En la puerta, encontraron una gran hueste de hombres, viejos y jóvenes, ya montados. Eran más de mil. Las lanzas en alto, semejaban un bosque naciente. Un potente y jubiloso clamor saludó la aparición de Théoden. Algunos hombres sujetaban el caballo del rey, Crinblanca, ya listo para la partida, y otros cuidaban las cabalgaduras de Aragorn y Legolas. Gimli estaba malhumorado, con el ceño fruncido, pero Éomer se le acercó, llevando el caballo por la brida.

—¡Salve, Gimli hijo de Glóin! —exclamó—. No he tenido tiempo para aprender a expresarme en un lenguaje más delicado, bajo tu guía como me prometiste. ¿Pero no será mejor que olvidemos nuestra querella? Al menos no volveré a hablar mal de la Dama del Bosque.

—Olvidaré mi ira, por un tiempo, Éomer hijo de Éomund —dijo Gimli—, pero si un día llegas a ver a la Dama Galadriel con tus propios ojos, tendrás que reconocerla como la más hermosa de las damas, o acabará nuestra amistad.

—¡Que así sea! —exclamó Éomer—. Pero hasta ese momento, perdóname, y en prueba de tu perdón cabalga conmigo en mi silla, te lo ruego. Gandalf marchará a la cabeza con el Señor de la Marca; pero Pies de Fuego, mi caballo, nos llevará a los dos, si tú quieres.

—Te lo agradezco de veras —dijo Gimli muy complacido—. Con todo gusto montaré contigo si Legolas, mi camarada, cabalga a nuestro lado.

—Así será —dijo Éomer—. Legolas a mi izquierda y Aragorn a mi diestra, ¡y nadie se atreverá a ponerse delante de nosotros!

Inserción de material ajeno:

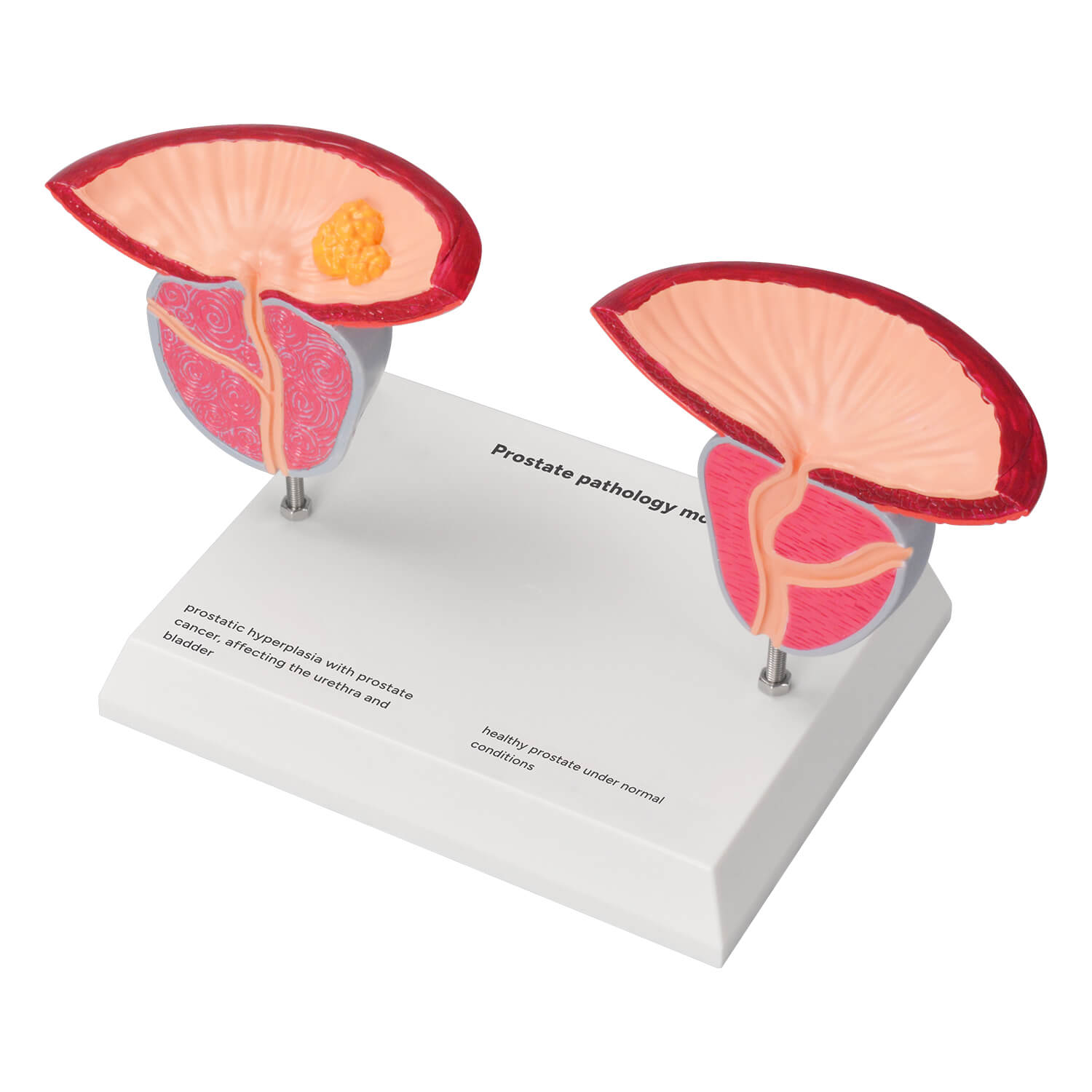 Enlarged Prostate Model Showing Normal BPH and Prostate Cancer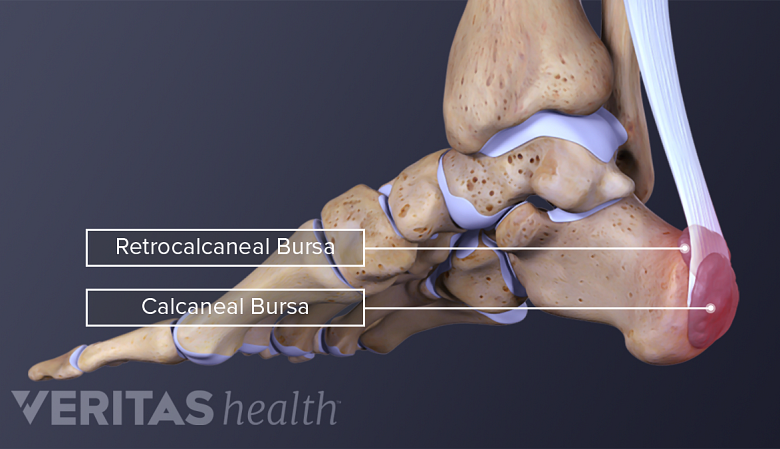 Calcaneal and retrocalcaneal bursas in the ankle.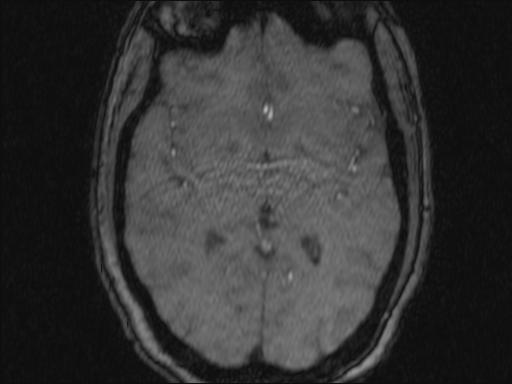 Bilateral carotid body tumors and right glomus jugulare tumor (Radiopaedia 20024-20060 Axial MRA 349).jpg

—¿Dónde está Sombragrís? —preguntó Gandalf.

—Corriendo desbocado por los prados —le respondieron—. No deja que ningún hombre se le acerque. Allá va, por el vado, como una sombra entre los sauces.

Gandalf silbó y llamó al caballo por su nombre, y el animal levantó la cabeza y relinchó; y en seguida, volviéndose, corrió como una flecha hacia la hueste.

—Si el Viento del Oeste tuviera un cuerpo visible, así de veloz soplaría —dijo Éomer, mientras el caballo corría hasta detenerse delante del mago.

—Se diría que el regalo se ha entregado ya —dijo Théoden—. Pero, prestad oídos, todos los presentes. Aquí y ahora nombro a mi huésped Gandalf Capagrís, el más sabio de los consejeros, el más bienvenido de todos los vagabundos, un señor de la Marca, un jefe de los Eorlingas, mientras perdure nuestra dinastía; y le doy a Sombragrís, príncipe de caballos.

—Gracias, Rey Théoden —dijo Gandalf. Luego, de súbito, echó atrás la capa gris, arrojó a un lado el sombrero y saltó sobre la grupa del caballo. No llevaba yelmo ni cota de malla. Los cabellos de nieve le flotaban al viento, y las blancas vestiduras resplandecieron al sol con un brillo enceguecedor.